Notice that I have provided functions to build strings out of objects of any of the types. You should use these for displaying output or error messages.

 

The Abstract Syntax of the Language

 

As we saw in the last project, at the point of having to evaluate expressions it is much nicer if the user's input has already been transformed into an abstraction of the underlying expression, rather than having to deal with the concrete syntax directly.

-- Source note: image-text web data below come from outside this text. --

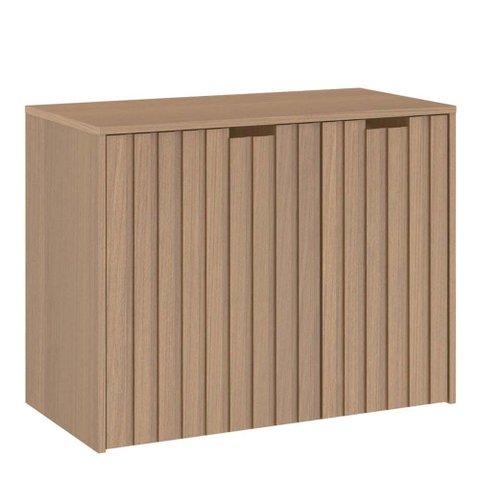 Balcão Gabinete Para Banheiro 80 cm 02 Gavetas E 01 Porta Nice B06 Nogal Noce Amêndoa - Lyam
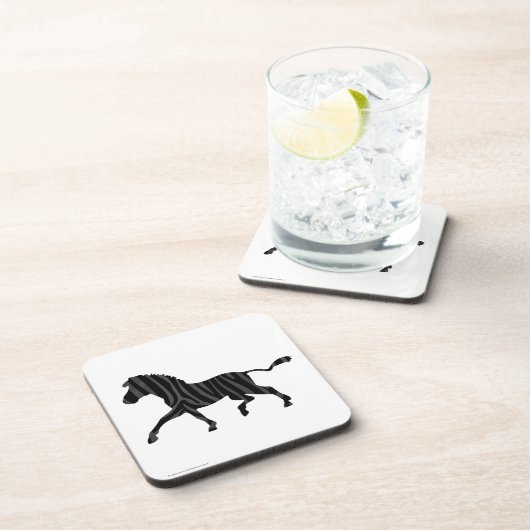 Silhouette afdrukken in zwart-wit en grijs onderzetter (Rechterzijde)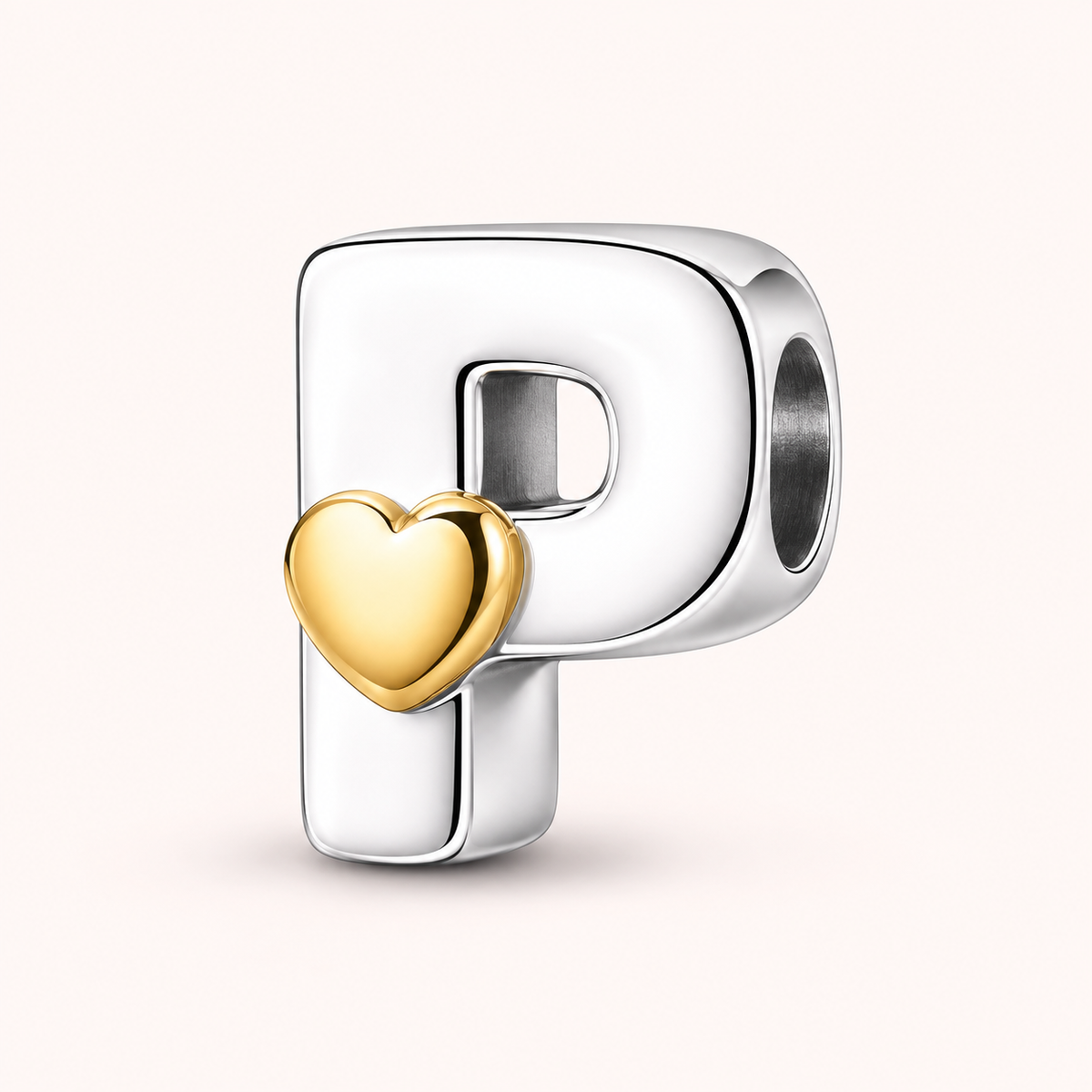 Charm letra P modelo corazon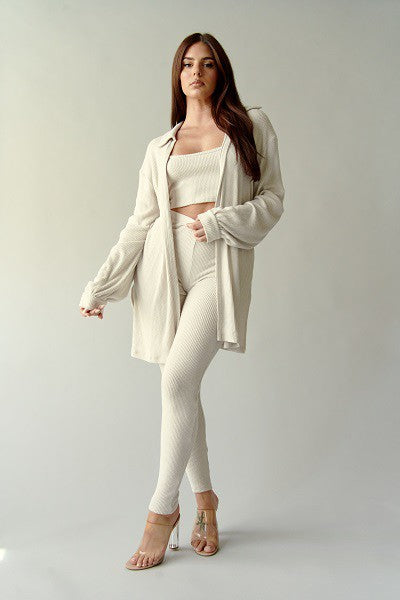 STYLED BY ALX COUTURE MIAMI BOUTIQUE Bone Set Three Piece Soft Cashmere Rib Pants Set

For example, for the expression (+ (* 3 4) 2), which we saw above is represented by the sexp value:

         Atom (Symbol "+") $
         ( Atom (Symbol "*") $
           Atom (Number (Int 3)) $
           Atom (Number (Int 4)) $
           Atom Nil ) $
         Atom (Number (Int 2)) $
         Atom Nil
         

the following representation is much closer to the underlying meaning and therefore easier to manipulate:

         Cappl (Operator "+",
                [Cappl (Operator "*",
                        [Cdata (Int 3),
                         Cdata (Int 4)]),
                 Cdata (Int 2)])
         

Similarly, the essence of the command (defun (add1 x) (+ x 1)) is captured in the structure:

         Cdefun (Operator "add1",
                 [Vname "x"],
                 Cappl (Operator "+",
                        [Cvar (Vname "x"),Cdata (Int 1)]))
         

Expressions and commands are represented after conversion by different ML data types: cexpression and ccommand (for "Calculator Expression" and "Calculator Command"). Because it is necessary for the syntax converter to return just a single type, and the user can type either an expression or a command at the input, the user input is always converted to a ccommand, but one of the cases for that type is just a wrapper for an underlying cexpression, as will be seen below.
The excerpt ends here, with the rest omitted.